Most apparel factories use one basic coat block and simply scale it up or down by weight. A French Bulldog weighing 12kg has a wide chest, a short back, and almost no neck. A Dachshund at the same weight is long, narrow, and low to the ground. Scaling one coat pattern to both breeds produces a coat that fits neither. Customers return it. You lose money. The factory blames your spec.
A lot of waterproof dog coats on the market use PFAS-based DWR (Durable Water Repellent) coatings. These chemicals are persistent, bioaccumulative, and under increasing regulatory scrutiny. More importantly, dogs lick their coats. If the waterproofing chemical is toxic, the risk lands directly with your customer. Many general factories cannot tell you what chemical process they use | let alone provide a test report.
You want to launch 4 coat styles to test the market. At 1,000 pieces per style that is 4,000 units to fund before you know what sells.

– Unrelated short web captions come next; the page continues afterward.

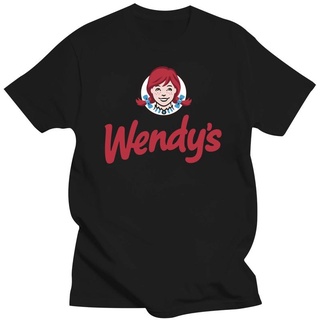 ใหม่ เสื้อยืดลําลอง แขนสั้น คอกลม พิมพ์ลายโลโก้ Wendys Fast Food สําหรับผู้ชาย ร้านอาหารS-5XL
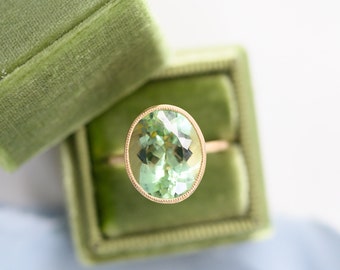 Cocktail Ring, Statement Ring, Green Tourmaline Ring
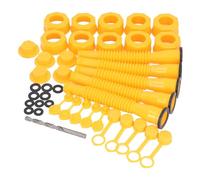 Annadue Kit de Bec Verseur pour Bidon D' de 5 Pièces avec Tuyau Flexible | Bec verseur flexible, longueur de 8,1 pouces, buse anti-goutte, construction robuste en PEHD, installation sans outil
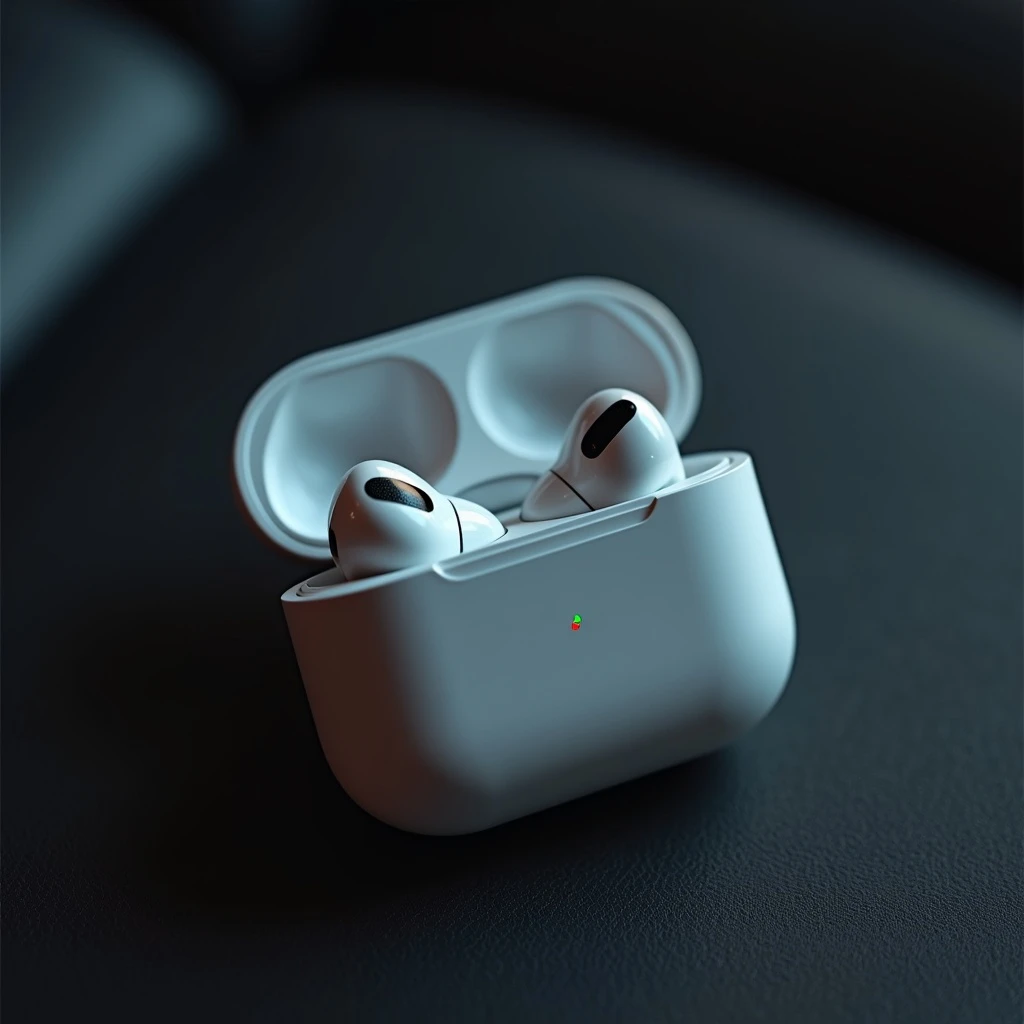cinematic still of a airpods emoji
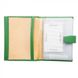 Обкладинка комбінована для паспорта та прав Petek з натуральної шкіри 595-254-09 зелена:6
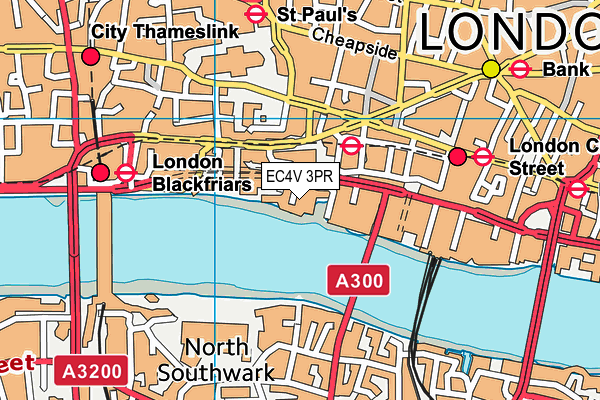 EC4V 3PR map - OS VectorMap District (Ordnance Survey)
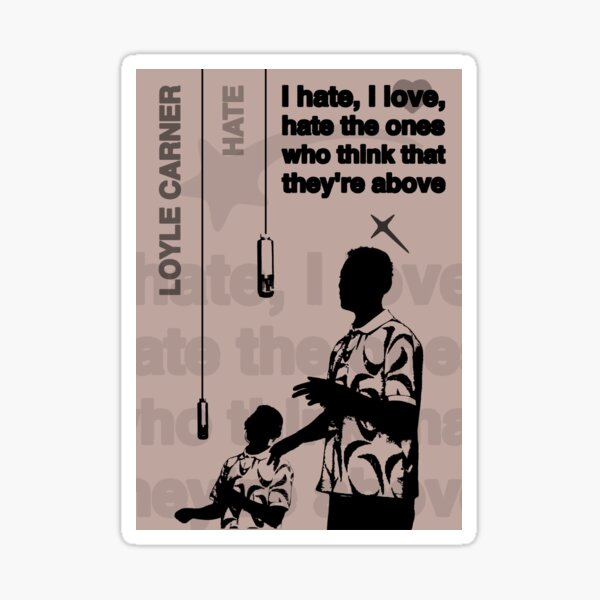 Item preview, Loyle Carner Poster Hugo Album Hate Lyrics Artwork designed and sold by jamiejonesuk.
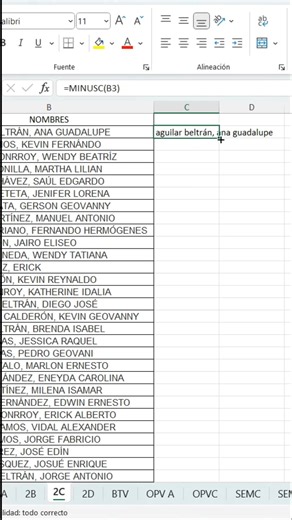 De mayúsculas a minúsculas en excel #tips #excel #tutorial #exceltips #windows #word #apps #tecnologia | Raymon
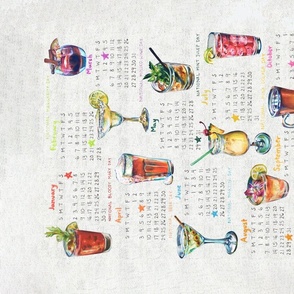 2022 Calendar of Drinks Wall Hanging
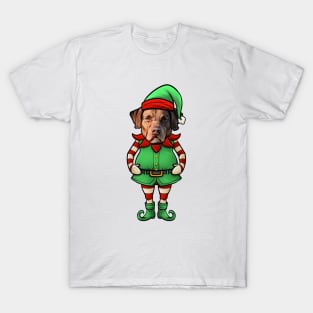 Chesapeake Bay Retriever Christmas Elf T-Shirt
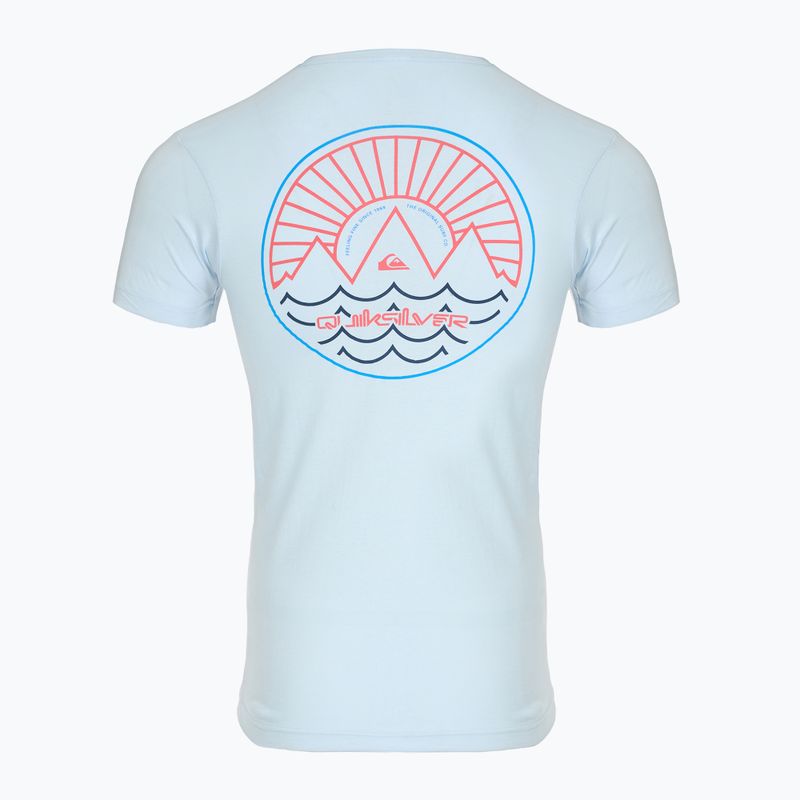 Мъжка комбинирана тениска Summit Sunset синьо/червено на Quiksilver 2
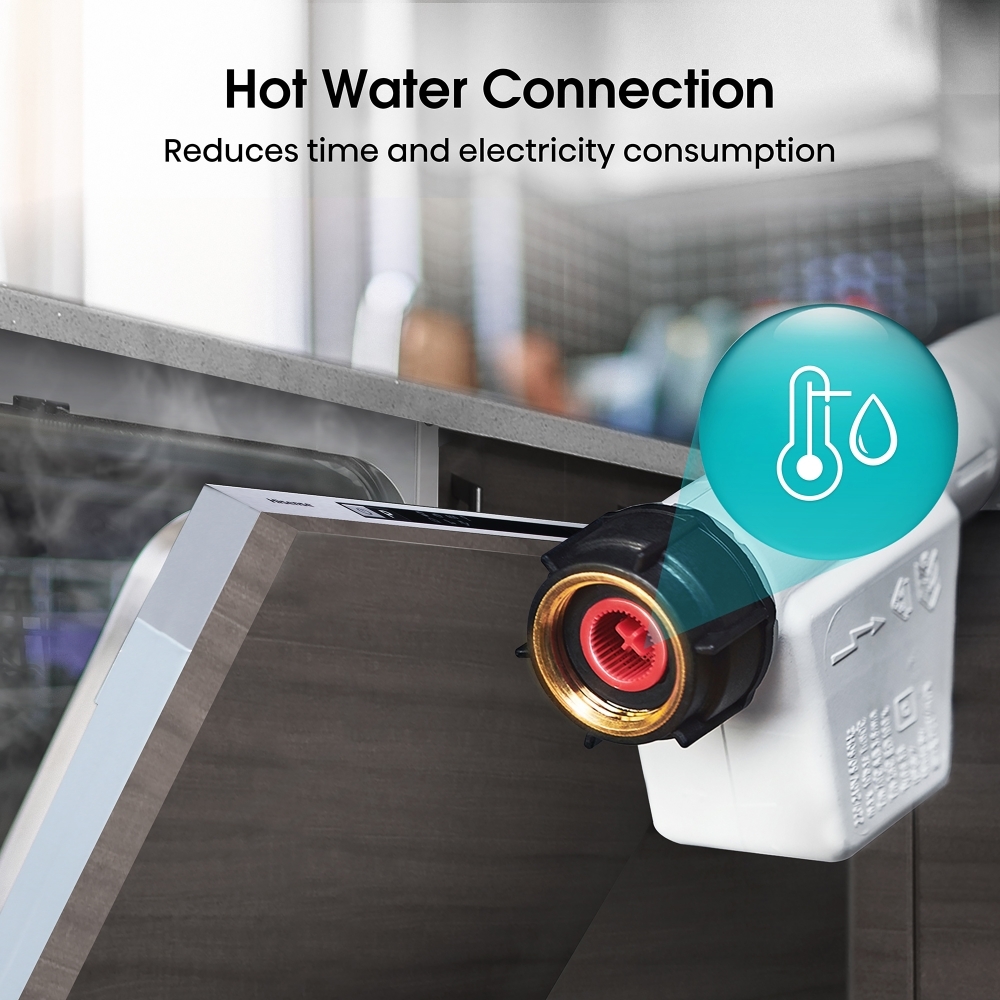 Hisense HV523E15UK Fully Integrated Slimline Dishwasher, 10 Place Settings, E Rated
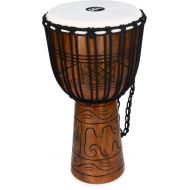 Meinl Percussion Rope Tuned Headliner Series Wood Djembe - 12 inch - Artifact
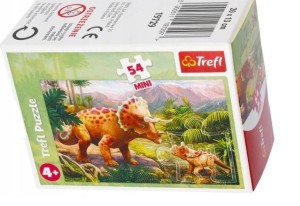 PUZZLE 54 MINI NIESAMOWITE DINOZAURY 2 TREFL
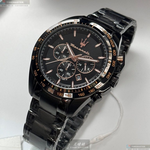 [星晴錶業]MASERATI手錶,46mm,R8873612048黑色錶面黑錶殼深黑色精鋼錶帶款, , large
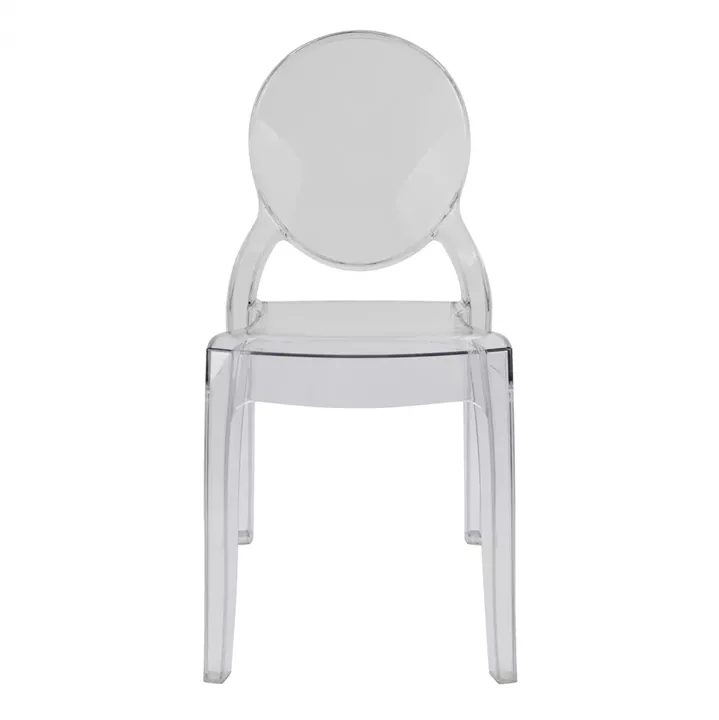 Chair acrylic clear Aramis HM0170 42,5x52x89,5 cm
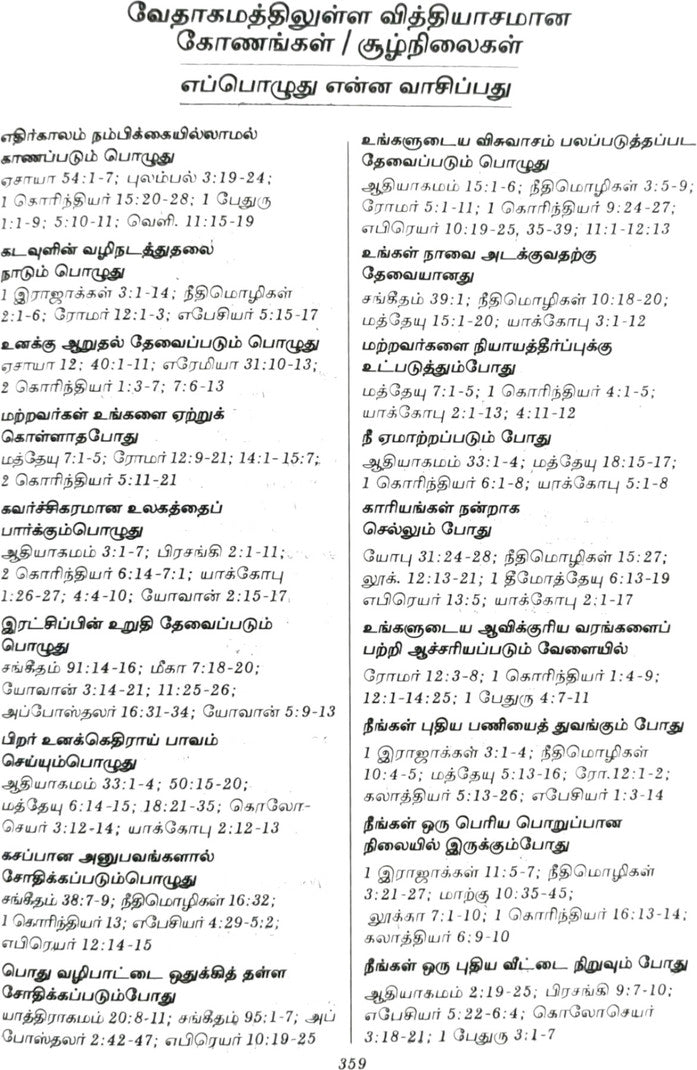 Limited Edition BSI Tamil Bible Semi Compact Brown Open Type With Thumb Index – Holy Bible Old & New Testament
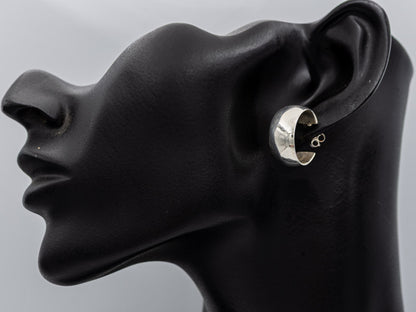 Sterling Silver Hoop Earrings 1.8cm x 10mm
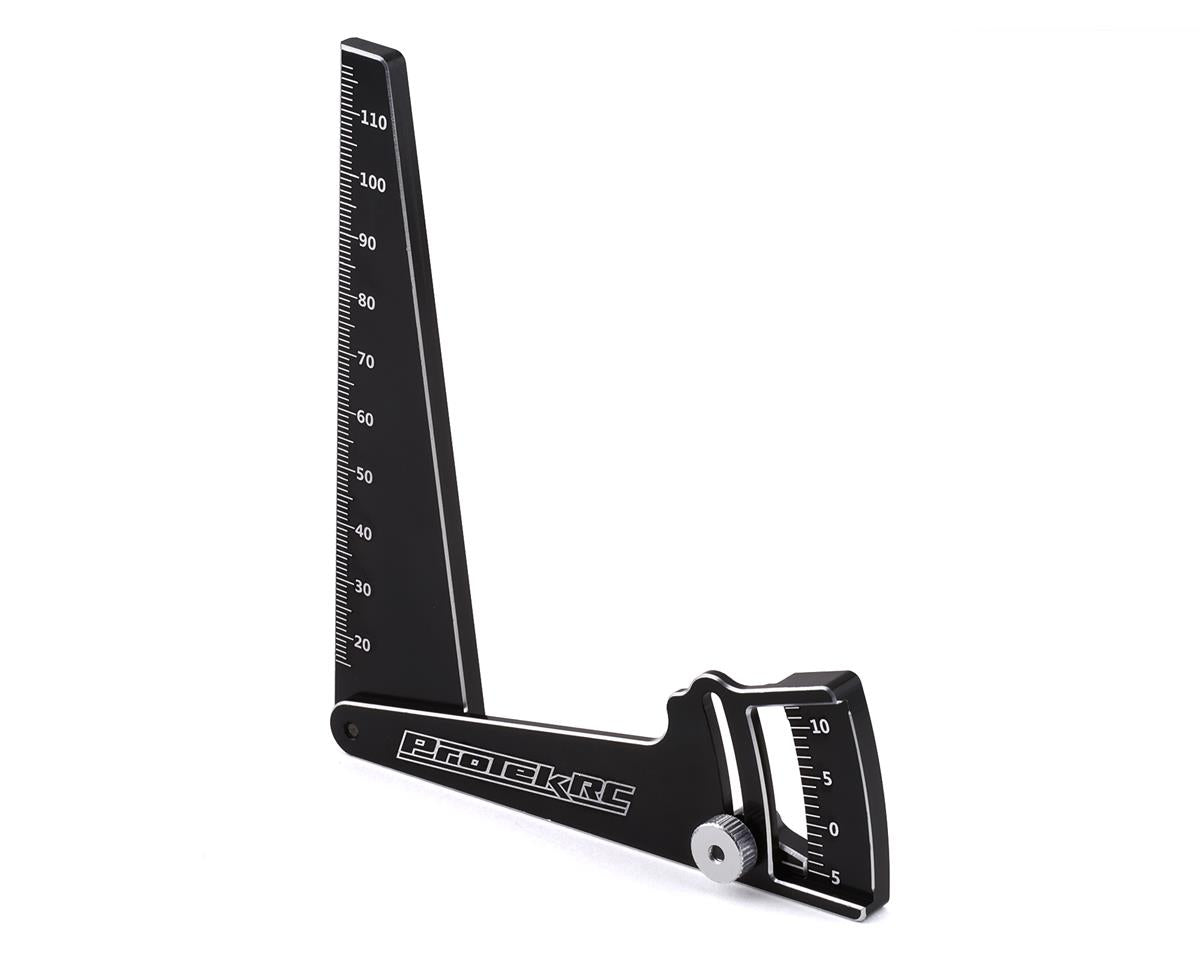 ProTek RC PTK-7613 Aluminum Camber Gauge (117mm Tall)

Most small brands either give up or cut corners by going with uncertified factories that do smaller runs. Neither outcome is good for your brand.
A dog wearing a coat still needs to wear a harness. If the coat has no D-ring hole or harness opening, the owner has two options: remove the coat to attach the lead, or skip the coat entirely. A surprising number of factories produce dog coats with no consideration for how dogs actually get walked. The product fails in real life even if it looks fine in photos.